I'm trying to scrape all of the table from this website : https://qmjhldraft.rinknet.com/results.htm?year=2018
When the XPath is a simple td (like the names for example), I can scrape the table with the simple xpath being something like this :
players = driver.find_elements_by_xpath('//tr[@rnid]/td[4]')
And I can scrape the players name using this code :
from selenium import webdriver
from selenium.webdriver.common.by import By
from selenium.webdriver.support.ui import WebDriverWait
from selenium.webdriver.support import expected_conditions as EC
PATH = 'C:\Program Files (x86)\chromedriver.exe'
driver = webdriver.Chrome(PATH)
driver.get('https://qmjhldraft.rinknet.com/results.htm?year=2018')
try:
elements = WebDriverWait(driver, 10).until(
EC.presence_of_element_located((By.XPATH, "//tr[@rnid]/td[1]"))
)
finally:
players = driver.find_elements_by_xpath('//tr[@rnid]/td[4]')

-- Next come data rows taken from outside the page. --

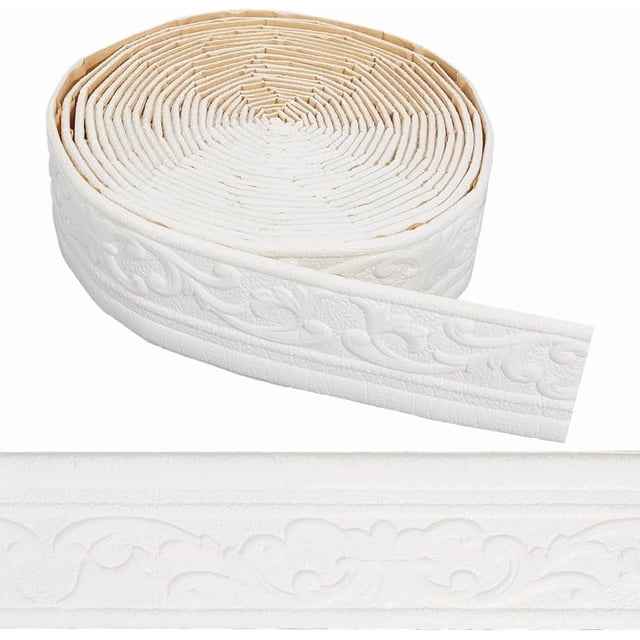 Moldura autoadhesiva de 394 x 3,14 pulgadas, flexible, 3D, color blanco, para papel tapiz, borde de zócalo, espejo, borde de pared adhesivo, líneas de base, espuma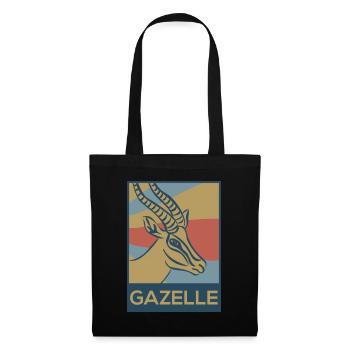 Elegante Gazelle Savannenläufer - Stoffbeutel - Schwarz - Vorne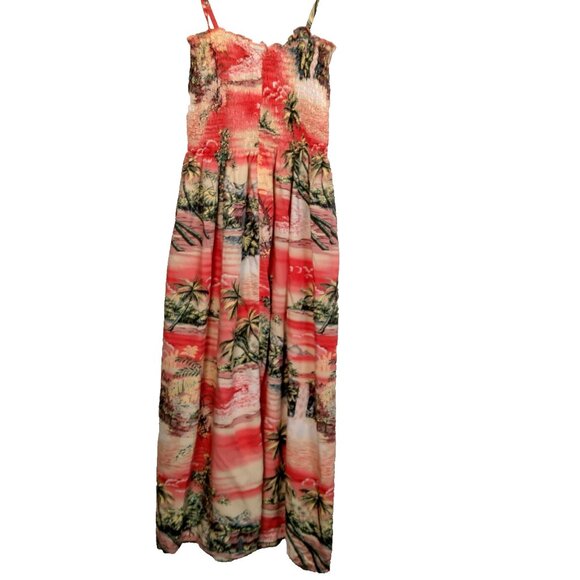 Puanani Hawaiian Dress XS Pink Tropical Aloha Beach Sleeveless Smocked Island - Picture 3 of 15
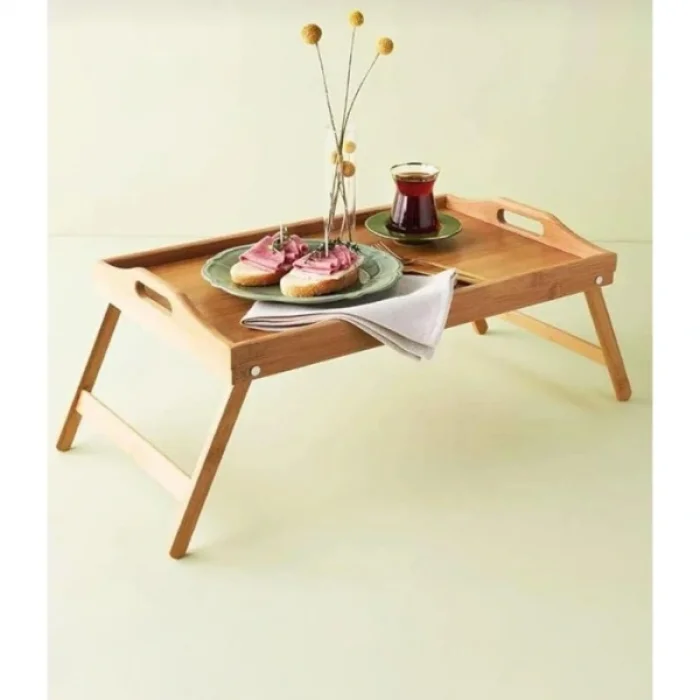 BUĞZ Bambu Kulplu Ayaklı Keyif Tepsisi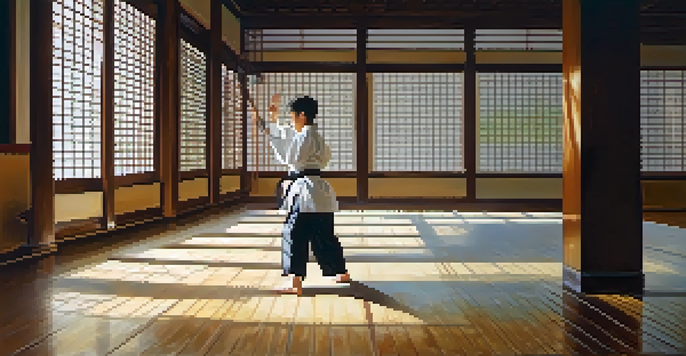A peaceful dojo with sunlight shining on a karate practitioner performing a kata, showcasing their uniform and movements.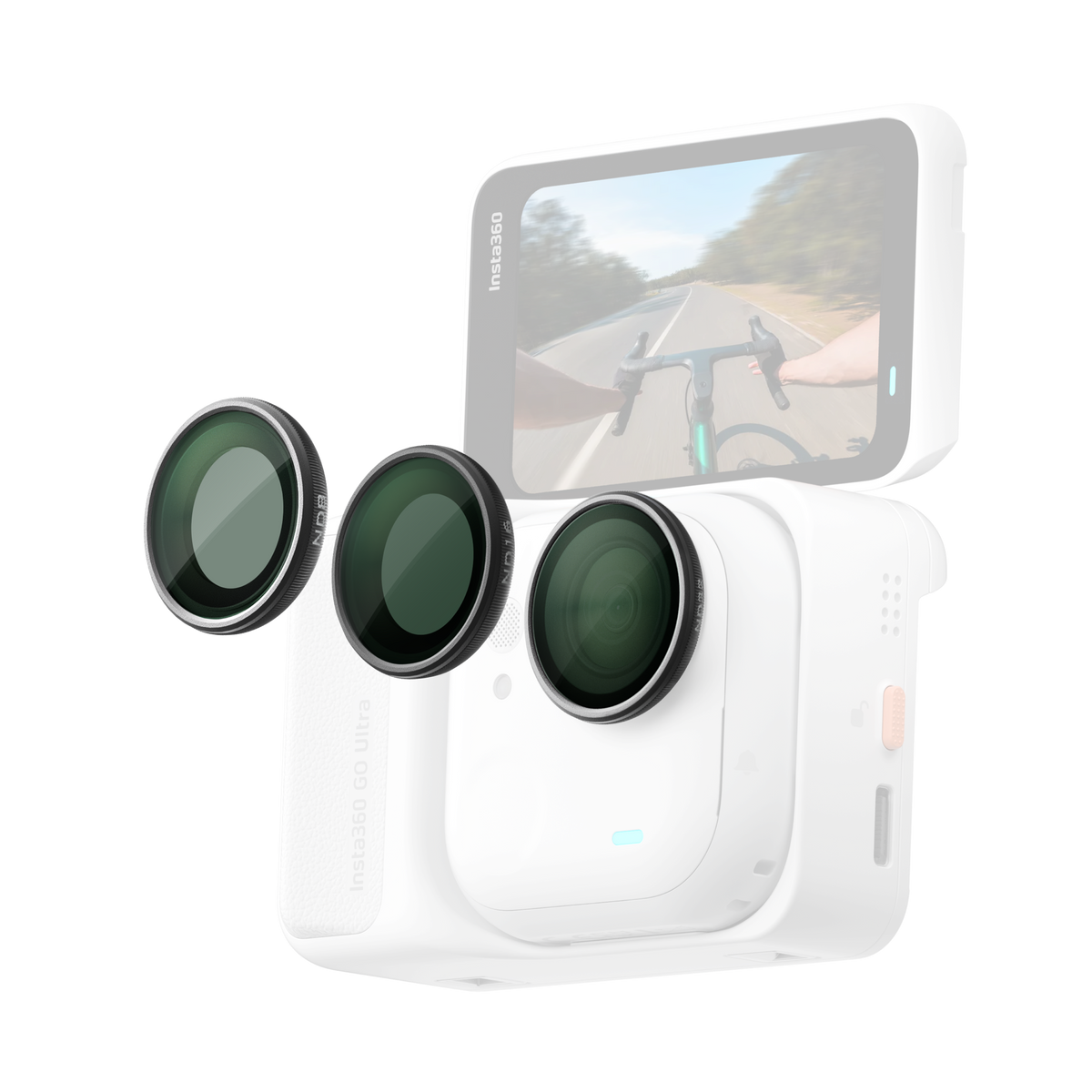Insta360 GO Ultra ND Filter Set three filters with an illustrative GO Ultra camera and Action Pod, camera and Pod sold separately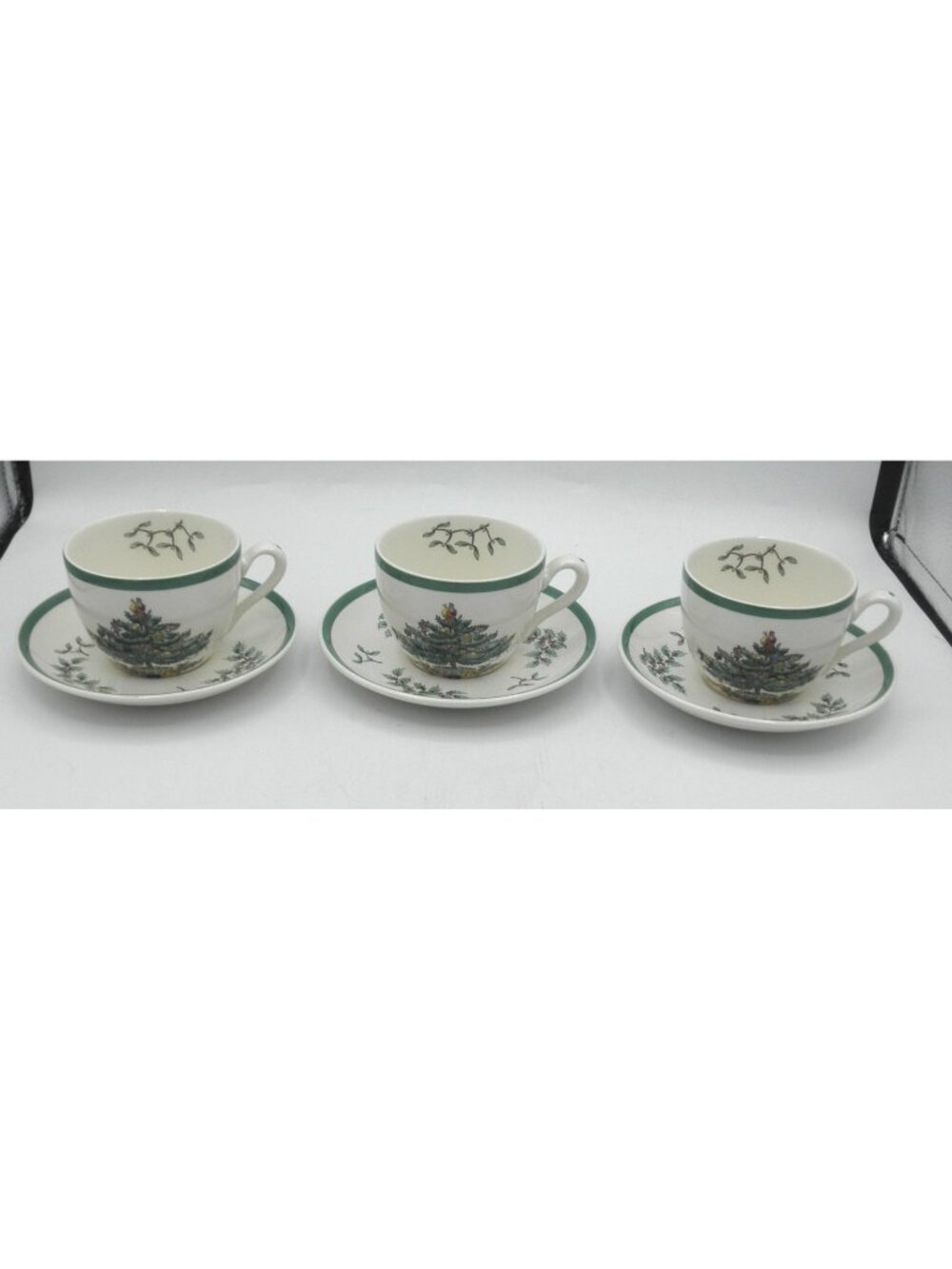Christmas Tree by Spode Flat Cup & Saucer Set of 3 Pattern: SP CHT England
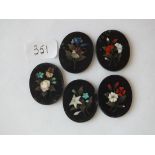 Five pietra dura oval panels 1” long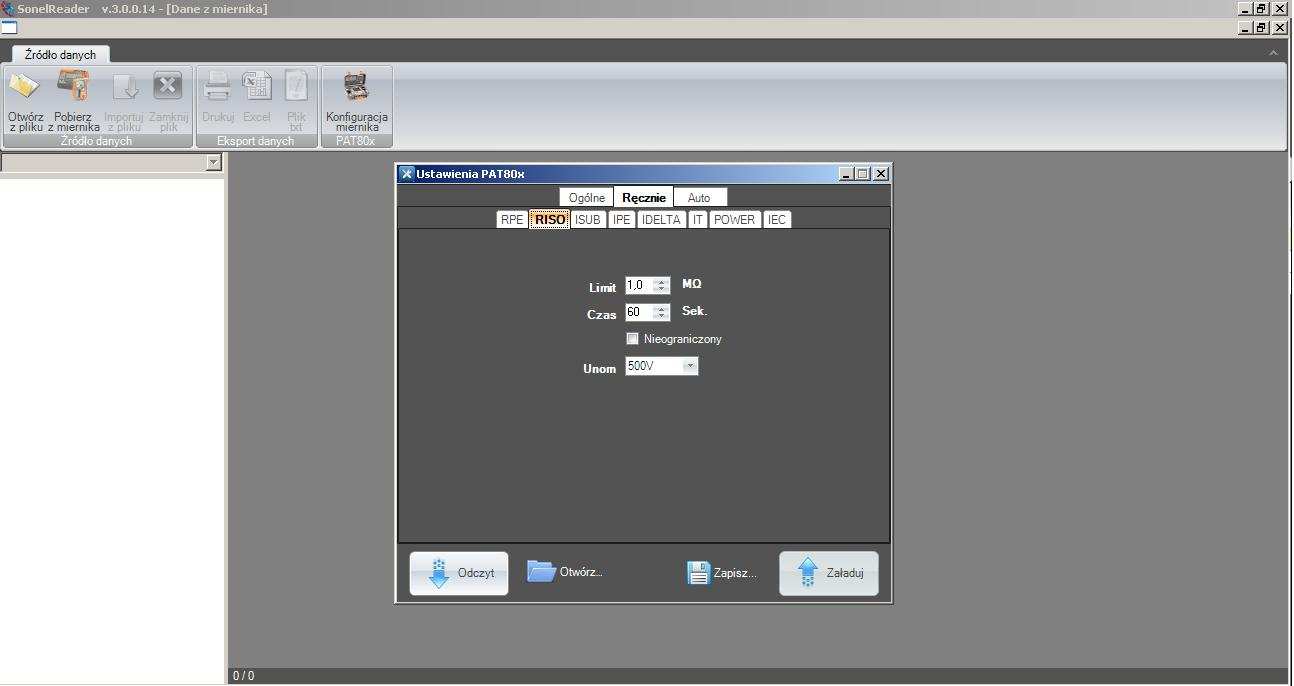 W przypadku Sonel Reader wcisnąć przycisk Konfiguracja miernika PAT80x 1 : 1 W przypadku obu programów otworzy się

for player in players[:5]:
pl = player.text
print(pl)
But when I get to the "Height" section, I can't find the write XPath. I guess this has to do with the td having a class, "ht-itemVisibility1", changing the way to scrape it, I've tried a few different ways to scrape it, like :
('//tr/td[@class="ht-itemVisibility1"][1]')
('//tr/td[@class="ht-itemVisibility1"][5]')
('//tr[@rnid]/td[5]')
to no avail. Can someone enlighten me on the way to capature this XPath with td class? Thanks a lot.
Try this
from selenium import webdriver
from webdriver_manager.chrome import ChromeDriverManager
from selenium import webdriver
from selenium.webdriver.common.by import By
from selenium.webdriver.support.ui import WebDriverWait
from selenium.webdriver.support import expected_conditions as EC
driver = webdriver.Chrome(ChromeDriverManager().install())
driver.get('https://qmjhldraft.rinknet.com/results.htm?year=2018')
try:
elements = WebDriverWait(driver, 10).until(
EC.presence_of_element_located((By.XPATH, "//tr[@rnid]/td[1]"))
)
finally:
players = driver.find_elements_by_xpath('//tr[@rnid]/td[4]')
for player in players[:5]:
pl = player.text
print(pl)
players_height = driver.find_elements_by_xpath('//tr/td[@class="ht-itemVisibility1"][1]')
for player in players_height[:5]:
pl = player.text
print(pl)
players_last_team = driver.find_elements_by_xpath('//tr/td[@class="ht-itemVisibility1"][5]')
for player in players_last_team[:5]:
pl = player.text
print(pl)
don't know why it wasn't working for you but it's working fine with me.